Our snowman has 3 beacons and is making a headstand XD |
Of course it wasn’t all serious all the time, so after we finished our little exercise, with some childish glee we construced a LVS snowman 😛
Riders of the snowpocalypse. We set up traning camp next to a tyrolian church |
As for the exercise, thankfully, our search times were quite acceptable. Ziga made it a little harder for us to find his beacon, and also practically showed how skewed research can become, when the terrain got steeper with rocks, trees and other obstacles.

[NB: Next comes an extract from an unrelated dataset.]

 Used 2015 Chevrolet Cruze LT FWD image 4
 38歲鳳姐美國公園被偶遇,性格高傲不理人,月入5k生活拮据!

Soking wet and its still dumping. I like my new Pieps showel |
It was also good to comparatively see how the different beacons we were using work. We had a Pieps DSP Tour, a Orthovox F1 and a Arva. All of them seem to work reasonably well. Since my Orthovox was the only analog beacon in the mix it was interesting to compare its working to the others. Sure it might seem at first inferior to the new ones, that show range, and the first seems that you’re slower, but unlike the Pieps and certainly didn’t get fooled by the rocks to lead you into the opposite direction where one should be going. I still perfer the audio sonar like workings of an old beacon. It also seems easier for me to home in on more beacons since there interwalls do not match. An open question that remains is how much the intervals of the same types of becons overlap. In a bad situation, if they did that would be a big problem.
Almost there. Aljo joins me after going into the opposite direction for a while. |
Once you come into close proximity search mode, all of the beacons seemed to work the same. What that means is that in training you should get a good feel for how to interpret the signals. In our example Ziga hid his beacon in close proximity to a old tree base, that probably cost us about a minute to look through and find the beacon below it.